#### Data provided:
----------------

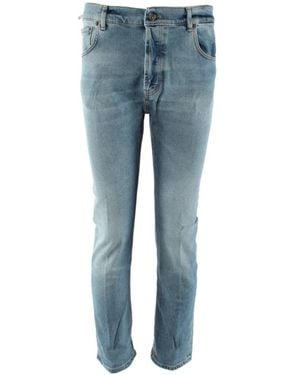 Dondup Slim-Fit Jeans - Azul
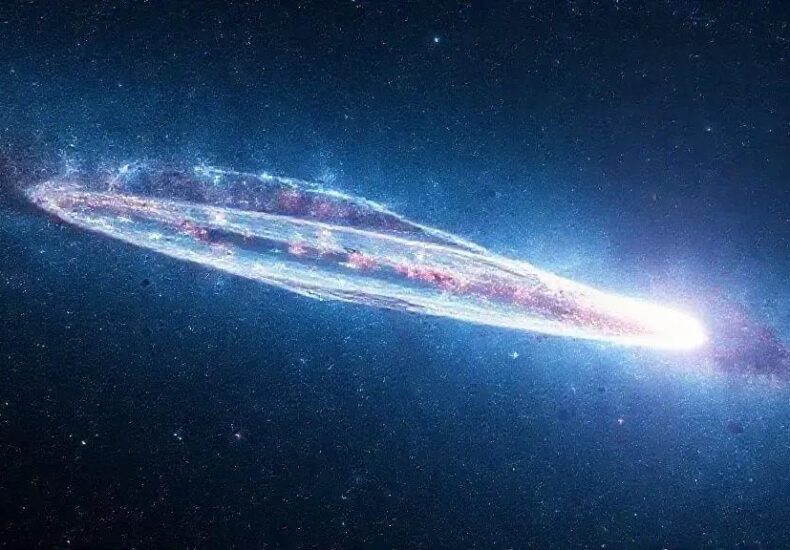 Discovering the Unimaginable: Comet 3I/ATLAS Zooms Next to Galaxy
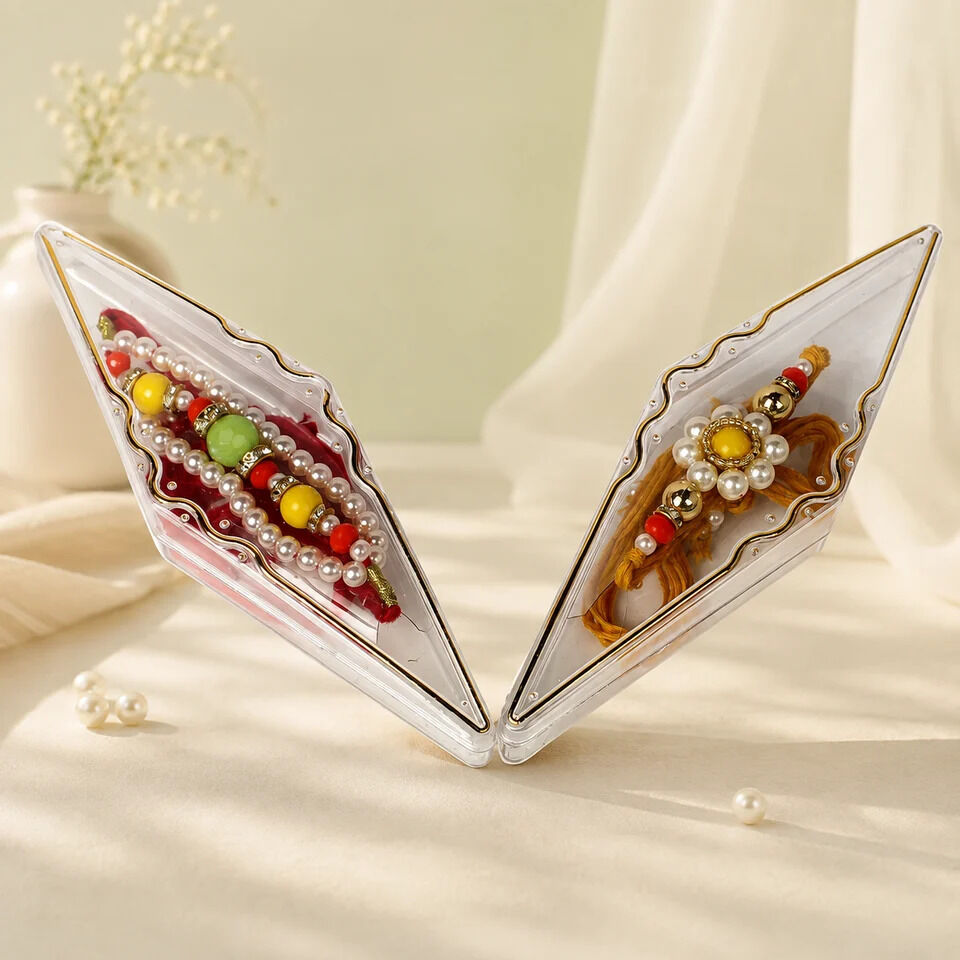Gurugram, Jewelry, INR 2600,  Raksha Bandhan Special &ndash; Rakhi Gift Hampers Online | Treasure Hunt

----------------

#### Exercise goal:
Reproduce the material above verbatim; omit every picture.

#### Response to this task:
 Dondup Slim-Fit Jeans - Azul
 Discovering the Unimaginable: Comet 3I/ATLAS Zooms Next to Galaxy
Gurugram, Jewelry, INR 2600,  Raksha Bandhan Special &ndash; Rakhi Gift Hampers Online | Treasure Hunt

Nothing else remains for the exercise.